Footnotes to 2008
Five further thoughts on the year in film
By Josh Rosenblatt,
8:14AM, Tue. Dec. 30, 2008
A few final thoughts from the year in film 2008:
1. Why does Hollywood insist on hiring British actors for the lead roles in Philip Roth adaptations? A few years back Anthony Hopkins played an African-American posing as a white American Jew (with a Welsh accent) in The Human Stain; this year we had Ben Kingsley as American Jewish professor David Kapesh in Elegy. I don’t get it. Richard Benjamin is still acting, right? What about Judd Hirsch? Dustin Hoffman? Jeff Goldblum? Harvey Fierstein? Steve Guttenberg? Albert Brooks? Larry David? Richard Dreyfuss? Harvey Keitel? Rob Reiner? Mel Brooks? Ron Jeremy? Alan Greenspan? Elie Weisel? Mel Gibson?
I’m starting to understand how Puerto Ricans must have felt when they watched West Side Story for the first time.
2. I’m worried that people might read my top 10 list and think I’m a snob who hates America and loves Europe, when in reality I’m a snob who hates America and Europe in equal measure.
3. Interesting fact: America does racism a lot better than it does movies about racism. Aside from To Kill a Mockingbird, Do the Right Thing, and Remember the Titans, American movies about racism are generally no better than after-school specials. I don’t know why that is exactly. But what I do know is that Gran Torino is the funniest unintentional comedy since Crash. Maybe the funniest movie made this year. Which isn’t saying much, but still …
4. Now that I think about it, my list does look pretty snobby. I hereby change my No. 3 movie to Yes Man and my No. 7 movie to Yes Man.
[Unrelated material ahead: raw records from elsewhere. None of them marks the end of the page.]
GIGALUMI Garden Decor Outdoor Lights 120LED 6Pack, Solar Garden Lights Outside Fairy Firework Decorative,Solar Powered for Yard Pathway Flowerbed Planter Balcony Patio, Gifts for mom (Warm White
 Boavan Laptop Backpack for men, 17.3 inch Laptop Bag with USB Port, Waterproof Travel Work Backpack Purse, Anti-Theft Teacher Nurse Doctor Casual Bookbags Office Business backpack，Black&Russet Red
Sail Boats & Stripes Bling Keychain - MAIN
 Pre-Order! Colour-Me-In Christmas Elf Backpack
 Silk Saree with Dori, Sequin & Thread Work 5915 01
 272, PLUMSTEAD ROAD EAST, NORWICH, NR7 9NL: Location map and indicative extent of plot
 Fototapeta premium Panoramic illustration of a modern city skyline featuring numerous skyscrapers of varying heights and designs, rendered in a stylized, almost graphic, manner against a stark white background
5. I have a Top 10 list confession to make: After No. 5 (I’ve Loved You So Long), I was just picking names at random to fill the quota. This wasn’t a particularly good year for movies, and I had trouble coming up with 10 that were worth the 25 words I was given to write about them. Compare this year’s best to 2007’s; only A Christmas Tale can compete. The Lives of Others? Eastern Promises? The Diving Bell and the Butterfly? Those were movies. Great movies. Strong movies. Movies we’ll remember years from now. Movies we’ll tell our kids about one day. Provided we have kids. Which we may not. We’re not really sure. Maybe if the right person comes along and we get our financial situation squared away. We’ll see. It’s not that we don’t like kids, it’s just that we’ve never seen ourselves as “kid people.” No, that’s a lie: it’s that we don’t like kids. They’re just so sticky and unformed. And loud. And they never say anything about politics or the global economy that we haven’t already thought about. I mean, just because you’re 6 years old that means you’re incapable of forming an opinion about the auto bailout or UN intervention in Zimbabwe like the rest of us? Come on. Those newspapers aren’t going to read themselves.